Do you mind talking about what its like being indigenous in Australia? I’m curious because I know nothing about Australia.
not at all! sorry this has taken me so long too, i nearly had it done and then tumblr deleted it and i spent quite some time shrieking in frustration over it.
anyway. i must preface this with the fact that i’m white-passing and this informs basically every aspect of my experience as an aboriginal person in australia, but it also puts me at an advantage and privilege because i look white.
if i had to compare us to any other group i’d say we have it a lot like indigenous americans do. even though we were only colonised 200 years ago most of our languages and traditions and knowledge have been decimated. many of us now live in cities or suburbs and look just like any standard white person.
in school i was taught that indigenous australians had died out “naturally” decades before i was born. this was despite the fact that my school had a fairly large population of indigenous students, aboriginal and torres strait islander both.
it’s only in the last few years that i’ve started seeing aboriginal characters in australian tv and movies, and even then a lot of it is magical black kid stereotypes.
those of us who do ‘look’ indigenous are also commonly referred to as black even though we’ve never had many similarities to the peoples of africa.
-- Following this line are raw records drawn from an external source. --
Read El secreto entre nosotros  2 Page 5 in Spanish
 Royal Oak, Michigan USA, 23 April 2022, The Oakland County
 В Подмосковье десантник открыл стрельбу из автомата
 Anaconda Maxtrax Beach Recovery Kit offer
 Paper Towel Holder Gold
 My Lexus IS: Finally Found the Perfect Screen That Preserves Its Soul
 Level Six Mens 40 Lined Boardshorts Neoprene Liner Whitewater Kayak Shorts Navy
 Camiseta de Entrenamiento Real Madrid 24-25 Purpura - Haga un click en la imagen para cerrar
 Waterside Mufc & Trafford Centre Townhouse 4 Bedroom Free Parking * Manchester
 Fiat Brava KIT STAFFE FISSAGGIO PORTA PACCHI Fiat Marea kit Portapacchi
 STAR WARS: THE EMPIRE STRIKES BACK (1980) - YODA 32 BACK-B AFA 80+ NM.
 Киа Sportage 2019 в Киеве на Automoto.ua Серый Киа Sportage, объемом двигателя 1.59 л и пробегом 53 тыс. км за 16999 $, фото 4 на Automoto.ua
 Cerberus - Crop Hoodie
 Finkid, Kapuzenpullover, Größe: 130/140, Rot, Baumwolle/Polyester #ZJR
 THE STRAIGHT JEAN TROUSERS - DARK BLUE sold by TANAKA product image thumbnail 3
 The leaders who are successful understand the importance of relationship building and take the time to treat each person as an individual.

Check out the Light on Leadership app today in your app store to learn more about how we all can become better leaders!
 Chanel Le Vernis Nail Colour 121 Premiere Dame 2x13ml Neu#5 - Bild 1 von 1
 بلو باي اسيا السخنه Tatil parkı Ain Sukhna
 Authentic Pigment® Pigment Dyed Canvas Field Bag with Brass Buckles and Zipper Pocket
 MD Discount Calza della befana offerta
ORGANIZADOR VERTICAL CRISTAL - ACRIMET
like i don’t want to go into too much detail because it’s really hard to deal with sometimes but the way we’ve been treated historically and still are treated today is horrendous. like my grandad and his siblings grew up in the prime of the stolen generations era, which is pretty horrifying in some cases and was when children of indigenous and white parents were stolen and ‘raised’ by the government (follow the rabbit-proof fence is a beautiful book and movie of the true escape of some young girls from a mission and i highly recommend reading it if straight non-fiction is too much straight up), but possibly the only reason my grandad and his siblings weren’t stolen and separated and were lucky enough to grow up with their family, is that my great-grandmother managed to assimilate them well enough that the government passed them over.
my grandad was the youngest so he doesn’t really remember it, but when he was very young, they were raised as traditionally as could be managed. eating a lot of bushfoods like lots of native fruit and veg, things like kangaroo and goanna (which is a kind of large lizard) before they firmly assimilated to survive, as was common for many, many people.
it’s more common for aboriginal people to live more traditionally the further north-west you go in australia, simply because much of that part of australia is hot and dry and white people don’t like that. they colonised along the coast first which is why most of australia’s population is concentrated in the south-east where all the nice beaches and snow fields and stuff are, and that’s basically why our coastal tribes have suffered so much in the face of colonisation.
i don’t really know how but i’ve met a decent handful of white-passing indigenous people who are shockingly wealthy. like yknow generations of lawyers and doctors and things. i don’t understand how it’s managed to happen.
anyway. most of us you’ll find have been stuck in generations of poverty and addiction and varying kinds of abuse. also none of us on financial assistance are rich from it, we’re just as badly off as white people on assistance and also the thing about poverty is that it’s a generational thing. like if you have no money it’s because your parents had none, and their parents had none, and their parents had none, and their parents were denied it because the people in power were racist.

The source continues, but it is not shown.